== Given data ==

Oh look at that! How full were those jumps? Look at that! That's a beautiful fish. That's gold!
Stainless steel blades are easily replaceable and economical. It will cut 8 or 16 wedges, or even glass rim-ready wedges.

===
== Given data ==

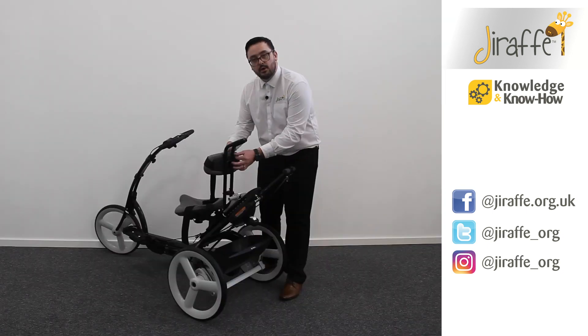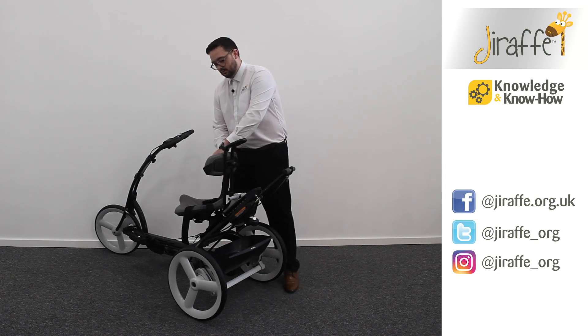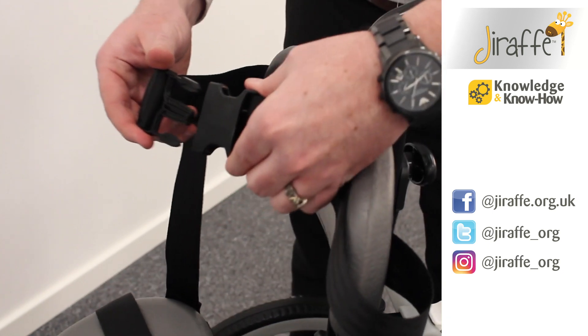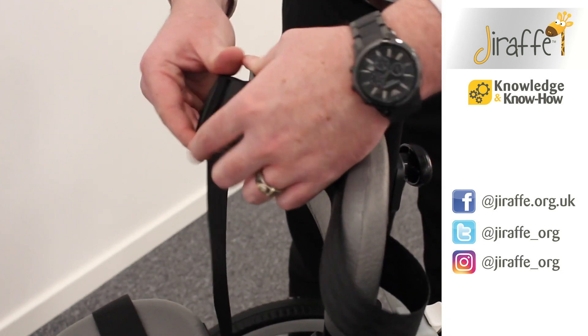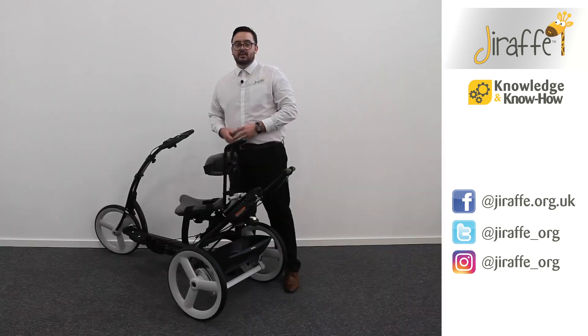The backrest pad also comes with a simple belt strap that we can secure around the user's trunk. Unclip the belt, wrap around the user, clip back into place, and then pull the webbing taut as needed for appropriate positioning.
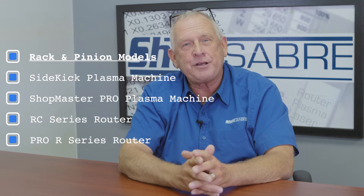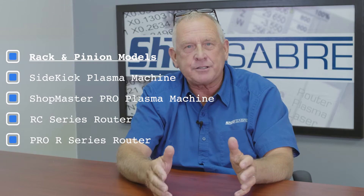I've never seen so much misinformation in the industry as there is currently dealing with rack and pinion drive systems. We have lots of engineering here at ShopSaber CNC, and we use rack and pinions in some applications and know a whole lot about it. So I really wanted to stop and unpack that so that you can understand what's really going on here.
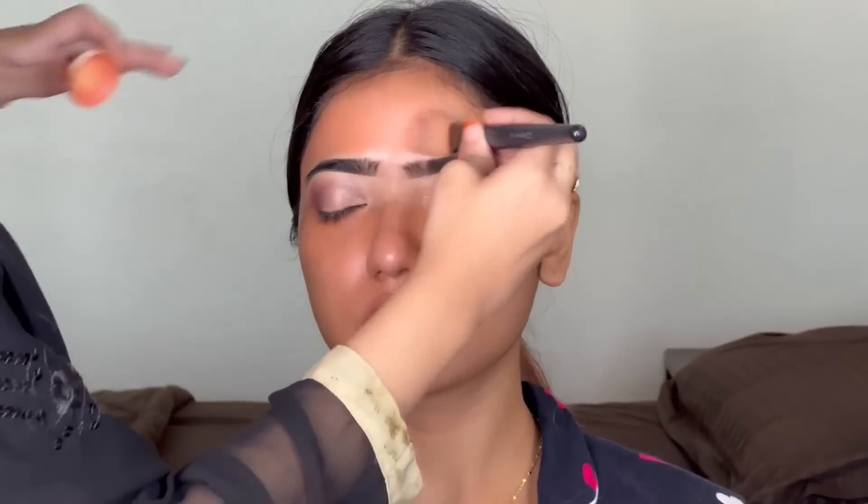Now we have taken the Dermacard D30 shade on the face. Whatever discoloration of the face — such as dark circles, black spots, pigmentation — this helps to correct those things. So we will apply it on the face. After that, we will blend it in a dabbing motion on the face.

===
== Given data ==

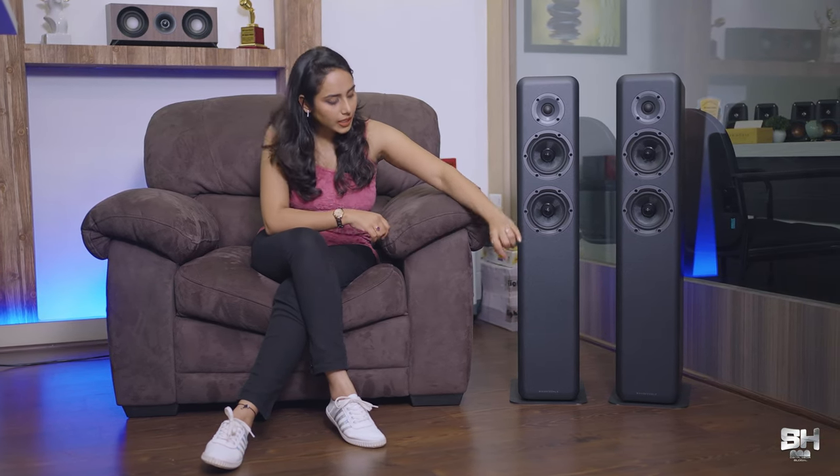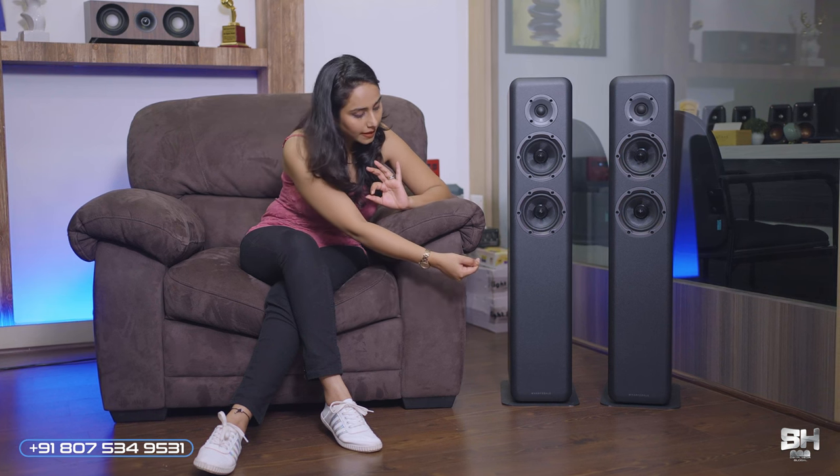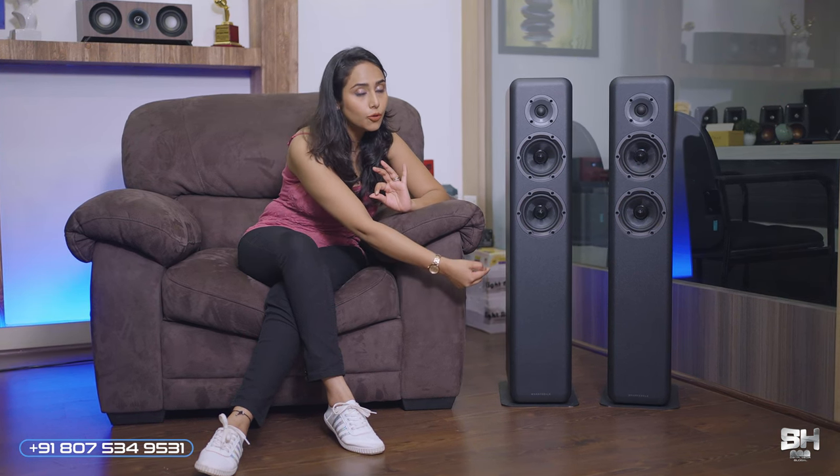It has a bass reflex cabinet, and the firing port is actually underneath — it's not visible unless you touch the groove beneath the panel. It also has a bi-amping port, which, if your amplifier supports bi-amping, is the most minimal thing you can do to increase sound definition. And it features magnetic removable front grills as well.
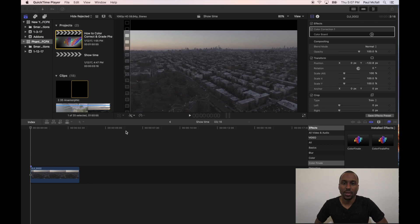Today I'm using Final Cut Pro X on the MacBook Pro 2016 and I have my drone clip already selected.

===

**What the task asks:** Taking the listing above as the source, transcribe only the lines starting at the line with "Oh look at that!" and going through the line with "Stainless steel blades", unaltered and with both ends included.

**Answer section:**
Oh look at that! How full were those jumps? Look at that! That's a beautiful fish. That's gold!
Stainless steel blades are easily replaceable and economical. It will cut 8 or 16 wedges, or even glass rim-ready wedges.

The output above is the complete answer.